Since making this decision which I consciously stick to, aided by regularly reminding myself the need to have this in place, I’ve realized that the number of people I loosely call friends have completely shrined. And I’ve had little to no drama or issues in my life.

If you have friends who cannot keep their mouths shut and will pass on secrets or things you do not intend for others to know freely to others, thereby creating a lot of drama in your life, politely keeping less and less in touch with them is the start of taking charge of a major part of your life.

And there are those friends who are stagnant in life. These people do not have any desires to push their lives above the worse and hanging around them only drain you—somewhat turning you into them too. They just talk, without putting in the action required to make things happen.

If you have ambitions, you have to connect with those who at least hold ambitions in life and are keen on achieving them.

I’ve in the last 2 years connected with a lot of people who are internet entrepreneurs, free thinkers and minimalists—as their drive to make money on the web and to simplify life sit with my own focus and ambition.

I’ve achieved more in my personal and professional life in the last 2 years than I did in the 5 years before that.   

I do not keep friends anymore simply because they are cool or because I have known them for ages. I make efforts to consider whether each friendship makes me a better person or not and if it doesn’t, I gradually drift away.

As Jim Rohn, the renowned businessman and personal development guru put it “you are the average of the five people you spend the most time with, and that means everyone in your life counts.” So who you call a friend, really matters and if you can take control of this, you will be controlling some aspect of your life.

So, choose your friends wisely.

THE USAGE OF OUR TIME

Even though time is weaved into our lives, it is one of the most difficult concepts to explain or to understand. Time has different meanings—in Religion, Physics, Philosophy and many other disciplines, time means different things. Yet, the measurement of time is fairly the same across all discipline.

Physicists consider time as the progression of events from the past to the present into the future. Time is not stagnant—it moves and as human beings, we have limited time on earth because death awaits us all.

Since death is inevitable, time is precious and any of it which is wasted cannot be restored. Yet, I used to spend my time on many things which were not fulfilling or worth it. In simple terms, I wasted a lot of my time on useless things and unworthy people.

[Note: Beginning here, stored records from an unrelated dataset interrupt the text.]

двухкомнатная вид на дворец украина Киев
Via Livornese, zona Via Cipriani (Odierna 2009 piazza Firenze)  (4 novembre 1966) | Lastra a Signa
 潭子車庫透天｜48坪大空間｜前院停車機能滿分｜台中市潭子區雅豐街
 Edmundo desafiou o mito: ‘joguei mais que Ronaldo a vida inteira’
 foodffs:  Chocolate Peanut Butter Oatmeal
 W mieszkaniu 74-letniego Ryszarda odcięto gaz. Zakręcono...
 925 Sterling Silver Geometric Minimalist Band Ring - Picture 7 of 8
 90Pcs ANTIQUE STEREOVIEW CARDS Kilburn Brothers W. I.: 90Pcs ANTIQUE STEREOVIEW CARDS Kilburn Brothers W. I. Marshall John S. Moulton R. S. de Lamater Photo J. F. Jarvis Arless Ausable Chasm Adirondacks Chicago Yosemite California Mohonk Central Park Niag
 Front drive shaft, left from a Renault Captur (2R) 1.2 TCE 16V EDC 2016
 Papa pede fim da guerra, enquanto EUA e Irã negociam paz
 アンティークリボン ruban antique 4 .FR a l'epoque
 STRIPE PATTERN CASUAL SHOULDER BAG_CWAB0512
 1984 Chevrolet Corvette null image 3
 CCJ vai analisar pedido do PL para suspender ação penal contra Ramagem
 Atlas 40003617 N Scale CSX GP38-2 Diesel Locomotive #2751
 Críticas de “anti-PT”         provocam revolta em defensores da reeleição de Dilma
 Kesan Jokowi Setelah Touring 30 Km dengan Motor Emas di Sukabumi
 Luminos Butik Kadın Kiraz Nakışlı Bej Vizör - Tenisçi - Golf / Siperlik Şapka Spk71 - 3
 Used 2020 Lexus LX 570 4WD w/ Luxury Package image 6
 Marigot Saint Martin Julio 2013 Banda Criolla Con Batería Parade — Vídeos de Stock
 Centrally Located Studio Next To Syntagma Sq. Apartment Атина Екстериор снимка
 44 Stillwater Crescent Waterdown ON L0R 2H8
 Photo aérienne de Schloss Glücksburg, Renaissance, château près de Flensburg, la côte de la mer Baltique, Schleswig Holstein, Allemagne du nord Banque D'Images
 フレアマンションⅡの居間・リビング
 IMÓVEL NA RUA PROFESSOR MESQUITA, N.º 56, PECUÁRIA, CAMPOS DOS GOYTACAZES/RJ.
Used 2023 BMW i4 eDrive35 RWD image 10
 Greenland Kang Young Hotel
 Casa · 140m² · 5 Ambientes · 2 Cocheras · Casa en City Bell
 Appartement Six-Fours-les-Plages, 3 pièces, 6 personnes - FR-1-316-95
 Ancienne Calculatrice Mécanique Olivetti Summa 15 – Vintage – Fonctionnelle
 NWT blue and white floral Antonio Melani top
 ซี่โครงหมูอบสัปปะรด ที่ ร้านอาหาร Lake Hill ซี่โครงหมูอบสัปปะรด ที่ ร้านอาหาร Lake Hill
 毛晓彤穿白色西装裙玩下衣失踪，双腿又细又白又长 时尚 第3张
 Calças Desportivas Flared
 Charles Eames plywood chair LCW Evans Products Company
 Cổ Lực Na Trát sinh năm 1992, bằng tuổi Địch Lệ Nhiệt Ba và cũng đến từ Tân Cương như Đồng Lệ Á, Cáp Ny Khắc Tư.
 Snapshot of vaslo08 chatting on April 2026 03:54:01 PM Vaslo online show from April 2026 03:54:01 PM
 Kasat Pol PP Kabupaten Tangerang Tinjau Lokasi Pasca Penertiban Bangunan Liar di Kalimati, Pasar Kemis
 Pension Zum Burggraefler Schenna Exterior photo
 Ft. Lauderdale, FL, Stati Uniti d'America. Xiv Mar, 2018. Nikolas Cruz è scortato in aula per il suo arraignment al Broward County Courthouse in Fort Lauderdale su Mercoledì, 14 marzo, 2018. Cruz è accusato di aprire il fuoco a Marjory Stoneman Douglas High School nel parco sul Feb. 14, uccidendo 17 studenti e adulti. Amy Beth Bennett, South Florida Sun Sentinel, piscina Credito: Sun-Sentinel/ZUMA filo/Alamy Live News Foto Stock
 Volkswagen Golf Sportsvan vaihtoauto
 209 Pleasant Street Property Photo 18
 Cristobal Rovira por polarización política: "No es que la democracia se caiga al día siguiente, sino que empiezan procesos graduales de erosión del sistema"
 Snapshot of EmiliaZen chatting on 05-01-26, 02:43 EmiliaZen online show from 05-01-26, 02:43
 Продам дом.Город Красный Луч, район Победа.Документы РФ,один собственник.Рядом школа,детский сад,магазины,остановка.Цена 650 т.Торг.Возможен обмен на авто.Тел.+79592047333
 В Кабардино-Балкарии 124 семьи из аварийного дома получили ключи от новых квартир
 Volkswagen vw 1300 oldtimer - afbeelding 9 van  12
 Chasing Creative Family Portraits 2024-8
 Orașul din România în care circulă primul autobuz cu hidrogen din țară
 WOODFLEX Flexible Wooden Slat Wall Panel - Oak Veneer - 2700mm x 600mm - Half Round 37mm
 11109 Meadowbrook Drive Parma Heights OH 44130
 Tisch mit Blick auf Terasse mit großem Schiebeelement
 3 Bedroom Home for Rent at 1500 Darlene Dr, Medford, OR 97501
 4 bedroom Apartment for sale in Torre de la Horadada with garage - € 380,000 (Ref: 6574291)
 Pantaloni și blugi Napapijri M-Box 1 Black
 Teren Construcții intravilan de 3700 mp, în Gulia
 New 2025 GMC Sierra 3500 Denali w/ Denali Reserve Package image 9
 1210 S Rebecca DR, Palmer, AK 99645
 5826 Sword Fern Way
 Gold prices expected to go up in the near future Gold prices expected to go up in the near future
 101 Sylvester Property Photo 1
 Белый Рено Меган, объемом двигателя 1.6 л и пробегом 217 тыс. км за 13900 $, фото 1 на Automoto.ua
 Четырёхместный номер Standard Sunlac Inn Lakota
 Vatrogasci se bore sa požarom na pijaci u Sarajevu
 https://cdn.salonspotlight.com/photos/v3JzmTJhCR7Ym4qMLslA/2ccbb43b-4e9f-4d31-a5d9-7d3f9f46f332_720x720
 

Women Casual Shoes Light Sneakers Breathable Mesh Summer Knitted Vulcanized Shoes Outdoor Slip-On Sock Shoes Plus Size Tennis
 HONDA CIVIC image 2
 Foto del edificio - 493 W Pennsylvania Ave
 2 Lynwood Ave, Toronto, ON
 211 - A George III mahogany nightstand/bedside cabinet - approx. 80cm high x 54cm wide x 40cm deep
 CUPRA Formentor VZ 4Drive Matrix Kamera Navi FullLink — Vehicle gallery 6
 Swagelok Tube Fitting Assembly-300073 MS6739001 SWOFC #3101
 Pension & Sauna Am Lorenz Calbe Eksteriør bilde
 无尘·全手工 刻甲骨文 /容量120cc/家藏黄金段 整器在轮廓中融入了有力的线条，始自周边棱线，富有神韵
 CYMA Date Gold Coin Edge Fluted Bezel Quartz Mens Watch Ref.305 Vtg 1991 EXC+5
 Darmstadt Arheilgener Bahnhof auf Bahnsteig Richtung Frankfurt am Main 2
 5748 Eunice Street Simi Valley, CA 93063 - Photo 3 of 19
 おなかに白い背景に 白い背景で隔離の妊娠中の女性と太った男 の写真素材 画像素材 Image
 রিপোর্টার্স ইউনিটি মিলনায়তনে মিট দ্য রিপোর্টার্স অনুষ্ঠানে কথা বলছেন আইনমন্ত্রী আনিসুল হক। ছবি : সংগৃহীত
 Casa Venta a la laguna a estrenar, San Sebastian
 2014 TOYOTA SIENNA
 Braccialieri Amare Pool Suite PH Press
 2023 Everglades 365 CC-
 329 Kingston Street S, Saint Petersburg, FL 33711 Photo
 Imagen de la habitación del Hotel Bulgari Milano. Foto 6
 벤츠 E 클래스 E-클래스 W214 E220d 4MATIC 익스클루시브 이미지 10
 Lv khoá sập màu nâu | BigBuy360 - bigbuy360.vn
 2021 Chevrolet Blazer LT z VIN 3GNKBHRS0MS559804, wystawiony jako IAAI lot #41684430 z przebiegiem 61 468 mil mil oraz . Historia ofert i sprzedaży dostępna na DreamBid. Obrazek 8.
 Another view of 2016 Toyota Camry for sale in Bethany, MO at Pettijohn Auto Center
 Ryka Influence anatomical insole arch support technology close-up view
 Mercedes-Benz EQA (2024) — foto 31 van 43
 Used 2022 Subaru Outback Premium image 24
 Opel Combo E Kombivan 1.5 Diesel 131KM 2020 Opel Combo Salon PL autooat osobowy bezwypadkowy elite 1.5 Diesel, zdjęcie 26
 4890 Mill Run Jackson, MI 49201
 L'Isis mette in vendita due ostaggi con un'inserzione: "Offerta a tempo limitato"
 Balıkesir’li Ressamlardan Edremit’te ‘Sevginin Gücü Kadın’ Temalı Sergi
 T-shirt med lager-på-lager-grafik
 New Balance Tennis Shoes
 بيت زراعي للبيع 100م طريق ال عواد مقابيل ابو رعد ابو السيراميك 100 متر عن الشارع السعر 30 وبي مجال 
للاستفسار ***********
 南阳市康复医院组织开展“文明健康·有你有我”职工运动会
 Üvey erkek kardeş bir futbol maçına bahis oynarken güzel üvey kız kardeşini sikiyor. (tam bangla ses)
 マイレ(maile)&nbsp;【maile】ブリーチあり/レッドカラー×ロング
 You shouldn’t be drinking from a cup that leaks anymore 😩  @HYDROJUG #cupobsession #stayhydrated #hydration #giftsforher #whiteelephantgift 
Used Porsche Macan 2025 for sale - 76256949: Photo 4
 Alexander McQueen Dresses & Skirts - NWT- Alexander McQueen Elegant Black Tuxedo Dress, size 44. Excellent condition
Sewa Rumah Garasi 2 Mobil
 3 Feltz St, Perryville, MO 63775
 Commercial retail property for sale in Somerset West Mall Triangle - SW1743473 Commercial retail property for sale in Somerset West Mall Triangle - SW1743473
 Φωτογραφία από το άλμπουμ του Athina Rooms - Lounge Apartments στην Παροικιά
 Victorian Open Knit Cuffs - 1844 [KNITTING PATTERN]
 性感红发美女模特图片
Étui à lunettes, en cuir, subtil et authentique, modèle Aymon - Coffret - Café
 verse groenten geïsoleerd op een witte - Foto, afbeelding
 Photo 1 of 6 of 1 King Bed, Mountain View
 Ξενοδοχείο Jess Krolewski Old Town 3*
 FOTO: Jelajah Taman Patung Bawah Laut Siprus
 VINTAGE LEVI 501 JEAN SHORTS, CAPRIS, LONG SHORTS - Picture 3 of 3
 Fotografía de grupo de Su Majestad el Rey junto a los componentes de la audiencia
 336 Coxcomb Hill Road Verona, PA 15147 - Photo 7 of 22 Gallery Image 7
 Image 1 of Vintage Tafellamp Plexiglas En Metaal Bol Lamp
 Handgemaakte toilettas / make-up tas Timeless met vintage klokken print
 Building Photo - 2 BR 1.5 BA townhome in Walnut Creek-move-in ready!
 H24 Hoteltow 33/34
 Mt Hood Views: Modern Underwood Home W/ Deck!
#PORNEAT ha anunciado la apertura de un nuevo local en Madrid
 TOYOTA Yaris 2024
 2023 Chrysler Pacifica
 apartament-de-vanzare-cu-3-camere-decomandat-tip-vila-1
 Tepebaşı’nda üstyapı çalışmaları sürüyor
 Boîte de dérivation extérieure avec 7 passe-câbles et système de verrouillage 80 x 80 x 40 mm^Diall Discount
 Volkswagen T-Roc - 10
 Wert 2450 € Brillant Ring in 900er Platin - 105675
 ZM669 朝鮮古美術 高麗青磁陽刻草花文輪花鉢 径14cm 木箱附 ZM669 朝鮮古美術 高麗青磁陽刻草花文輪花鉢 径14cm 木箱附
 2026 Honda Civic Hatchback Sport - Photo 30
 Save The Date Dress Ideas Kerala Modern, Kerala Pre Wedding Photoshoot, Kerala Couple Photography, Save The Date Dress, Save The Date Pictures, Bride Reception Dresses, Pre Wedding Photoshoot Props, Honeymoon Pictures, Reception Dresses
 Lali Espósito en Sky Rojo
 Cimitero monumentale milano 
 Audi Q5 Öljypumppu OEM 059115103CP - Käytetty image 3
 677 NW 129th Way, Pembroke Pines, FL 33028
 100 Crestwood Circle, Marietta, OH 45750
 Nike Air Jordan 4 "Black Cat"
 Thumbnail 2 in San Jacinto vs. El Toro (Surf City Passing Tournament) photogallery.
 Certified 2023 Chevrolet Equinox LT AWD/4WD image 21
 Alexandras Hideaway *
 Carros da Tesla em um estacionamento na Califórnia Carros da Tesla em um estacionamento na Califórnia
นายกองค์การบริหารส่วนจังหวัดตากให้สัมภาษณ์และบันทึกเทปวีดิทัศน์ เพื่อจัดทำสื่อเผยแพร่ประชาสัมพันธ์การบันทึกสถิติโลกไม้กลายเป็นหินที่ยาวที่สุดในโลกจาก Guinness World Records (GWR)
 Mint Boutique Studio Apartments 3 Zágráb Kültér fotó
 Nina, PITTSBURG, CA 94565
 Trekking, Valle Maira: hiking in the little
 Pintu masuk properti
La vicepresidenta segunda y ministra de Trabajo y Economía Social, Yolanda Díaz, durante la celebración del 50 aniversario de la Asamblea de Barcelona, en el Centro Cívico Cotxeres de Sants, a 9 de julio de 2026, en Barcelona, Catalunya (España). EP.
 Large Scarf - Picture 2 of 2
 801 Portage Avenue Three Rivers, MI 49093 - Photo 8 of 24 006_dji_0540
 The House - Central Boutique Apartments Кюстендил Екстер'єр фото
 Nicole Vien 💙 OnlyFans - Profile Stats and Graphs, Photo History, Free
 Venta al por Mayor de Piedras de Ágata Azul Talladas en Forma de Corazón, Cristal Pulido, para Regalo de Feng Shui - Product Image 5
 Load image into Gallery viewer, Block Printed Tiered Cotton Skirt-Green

I have calculated my remaining life in this world generously, as having about 40 years more left—which comes up to only 350,400 hours left. If I deduct the hours I will spend sleeping, then I am left with even far less. With this break down, every hour means a lot to me and I choose to use it judiciously on things that are important to me.

I’ve in the last 2 years come to appreciate time even more by my slogan “life is short, and time is very limited.” Therefore, I’ve been prioritising and using my time wisely to engage in the things I find worthy.

I started with social media: I stopped engaging with things and people that brought no joy or happiness to me. I ended all the back and forth arguments with people who do not know what they are talking about. I do not read or follow anyone I “hate” or believe is “stupid.”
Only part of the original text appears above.